● ACTION ITEM: Although the data holds pictures, return only the lines from the one containing "Banc de rangement" to the end, exactly, and without them.

● SOURCE DATA:
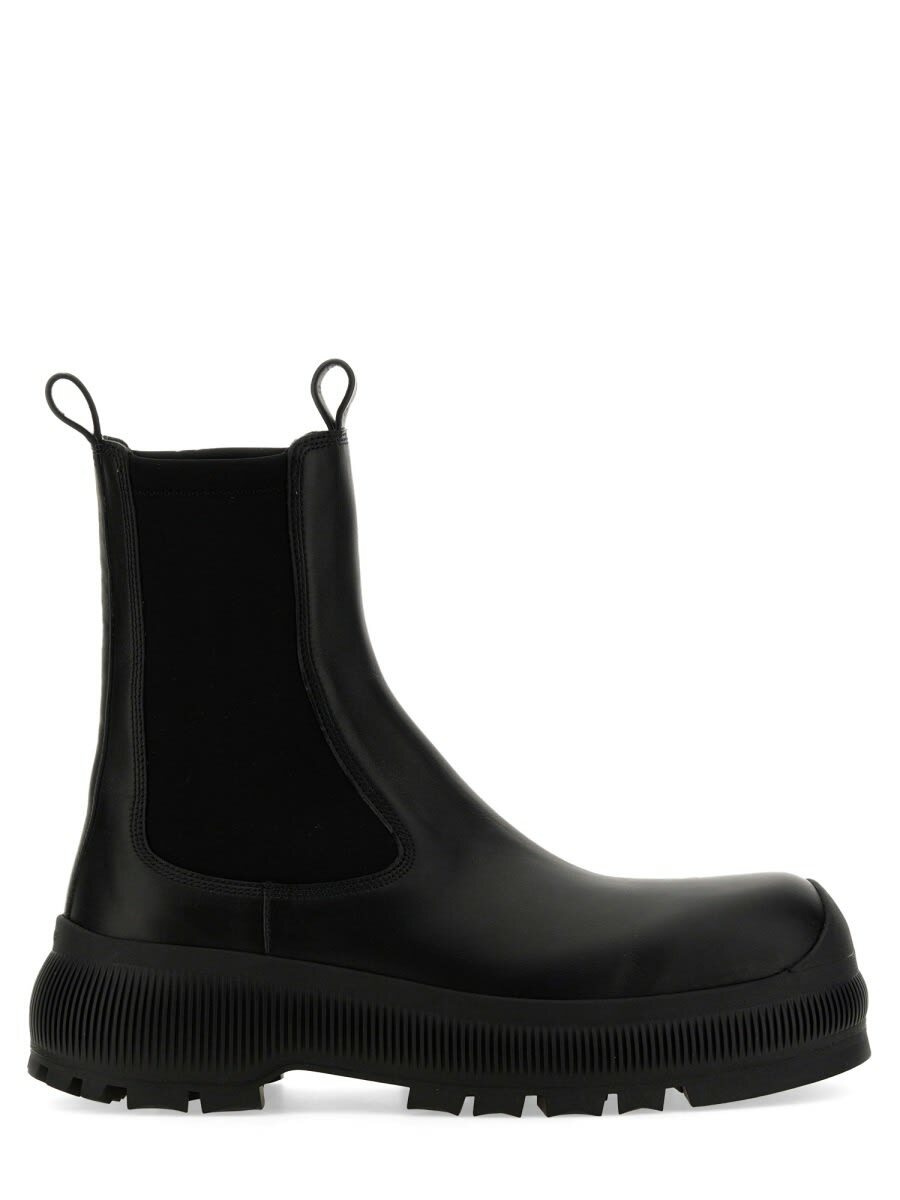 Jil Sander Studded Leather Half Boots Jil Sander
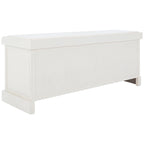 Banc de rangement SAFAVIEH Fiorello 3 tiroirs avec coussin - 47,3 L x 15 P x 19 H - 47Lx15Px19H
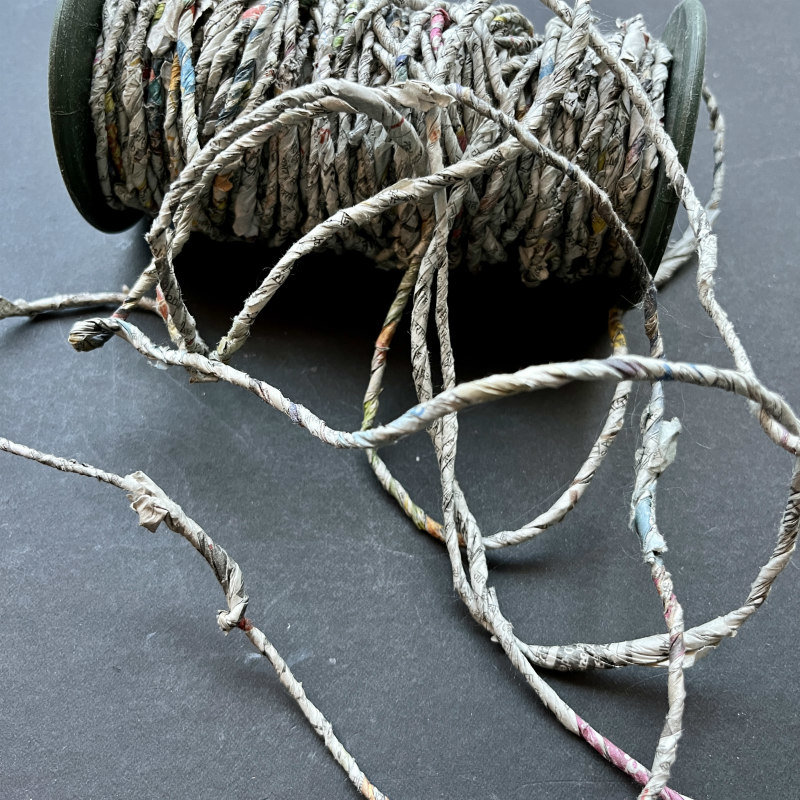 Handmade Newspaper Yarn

● TASK ANSWER:
 Banc de rangement SAFAVIEH Fiorello 3 tiroirs avec coussin - 47,3 L x 15 P x 19 H - 47Lx15Px19H
 Handmade Newspaper Yarn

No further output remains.